Rymobranie – Agnieszka Frączek
kzarecka
2011-01-20
Wydawnictwo Wilga przygotowało w swojej ofercie dwie serie: Złotą i Platynową. Znalazły się w nich wiersze. Nietypowe teksty, zabawy słowne, humor. Pokrótce – teksty, które powinny przypaść do gustu zarówno młodszym, starszym, jak i jeszcze nieco starszym. Czy rzeczywiście tak jest?
Tak. Śmiało, szczerze – tak. O tym, że lubuję się w dobrych propozycjach książkowych dla dzieci, wie wielu z was. Przepadam za dobrze wydanymi publikacjami, które skłaniają najmłodszych do obcowania ze słowem pisanym. I jak to w tym gatunku literackim bywa – ilustracjami. Wilga w tym przypadku postawiła na Macieja Szymanowicza i, jak dla mnie, był to pomysł trafiony. "Maszynowicz" bowiem to bardzo utalentowany ilustrator, którego dzieła często można rozpoznać na pierwszy rzut oka. Na dodatek ma w sobie coś, co przyciąga (rzecz oczywista wciąż mówimy o jego pracy). Obrazy zarzucają haczyk, który nie pozwala łatwo zapomnieć o ilustracjach. Ilustracjach niosących uśmiech, radość, ciekawość, zainteresowanie. Wystarczy otworzyć książkę na pierwszym wierszu Agnieszki Frączek – "Bikini", i już nasze oczy pożerają przyjemną "krówkę-masłówkę" i amanta w "porteczkach lilaróż".
Jak zawsze, ilustracje testowałam za pomocą głębszego, bądź mniejszego zainteresowania mojej córki.
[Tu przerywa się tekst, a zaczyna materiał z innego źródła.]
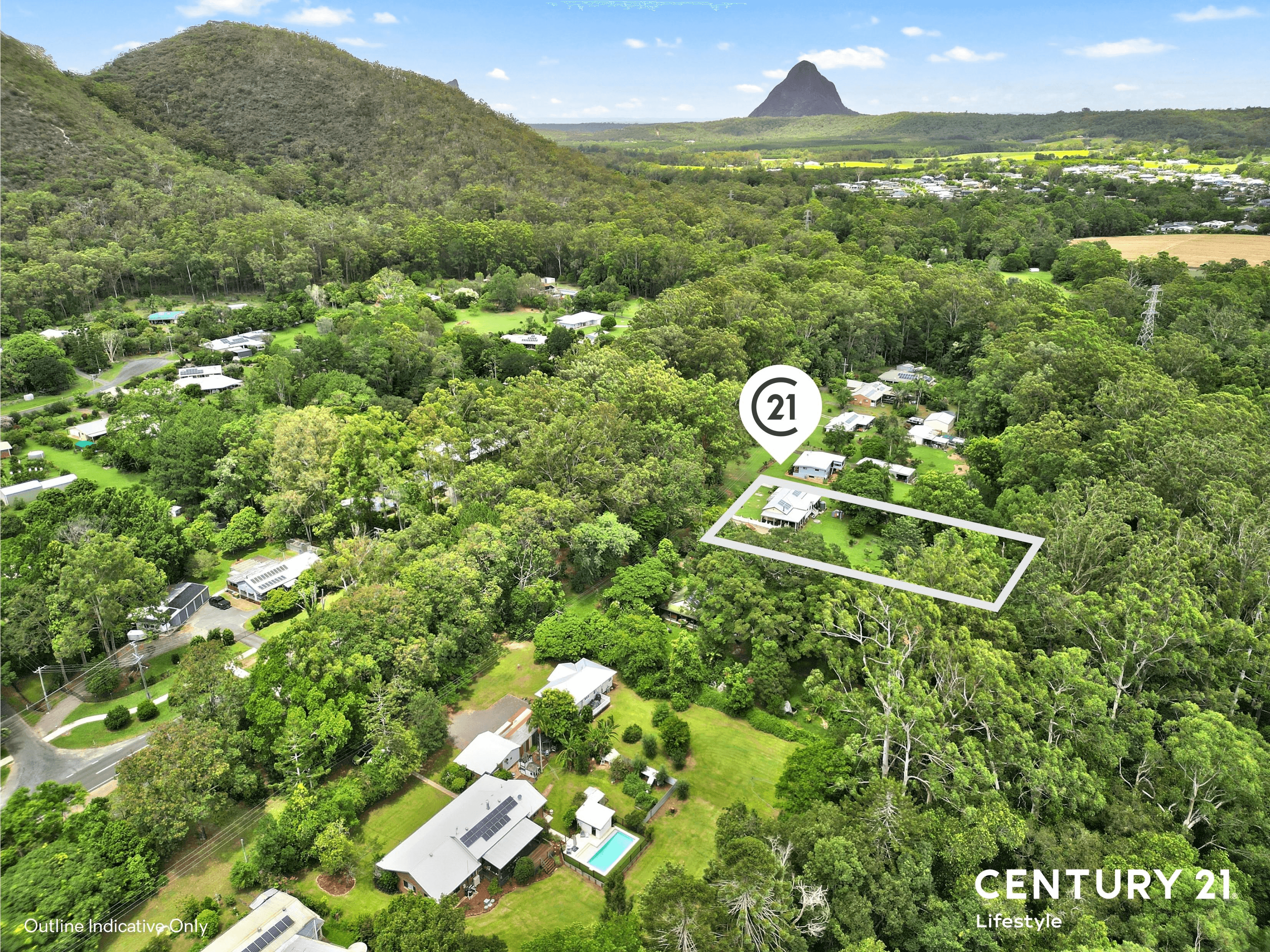 2719 Old Gympie Road, BEERWAH, QLD 4519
Wynik? Bardzo pozytywny. Dziewczynka zwracała uwagę nie tylko na plan pierwszy, ale i rzeczy znajdujące się zdecydowanie dalej. Na każdym obrazie znalazła sobie coś ulubionego – a to nadgryzioną gruszkę, a to muchomorki, a to plastry na stopach chłopca, a to rozbrykanego kotka, a to Trabanta, a to szpilki rysia, a to wielkie oczy kotka z dachu. Do zdecydowanych faworytów należą jednak ilustracje obrazujące tekst "Poszczekalnia" (zakatarzony jamnik – cudo), "Grubelek" (gigantyczny wróbel w kasku) i „Łoskotki” (śmiejący się dzidziuś). Mnie z kolei do gustu przypadło "Potwórko" (kaska na głowie córki wiedźmy – niby nic, a to jedno "L" oznaczające naukę jazdy jest jak wisienka na torcie).
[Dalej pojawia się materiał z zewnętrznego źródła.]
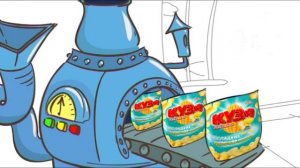 Кузя Лакомкин. Всё наладится – завод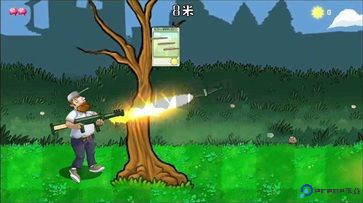 戴夫大战僵尸中文版免费下载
Ilustracje ilustracjami, a co z tekstami? Bardzo przyjemne. Proste, rymowane, wpadające w uchu, łatwe w zapamiętaniu. Na dodatek rzeczywiście zabawne. Agnieszka Frączek doskonale bawi się słowem i widać, że sprawia jej to przyjemność. Spod jej pióra wyszło już mnóstwo publikacji i mam nadzieję, że jeszcze wiele ujrzy światło dzienne. Autorka, która sama mówi: "Wszystko sobie zapisuję, potem siadam i rymuję", z pewnością ma sporo do zaoferowania młodym czytelnikom.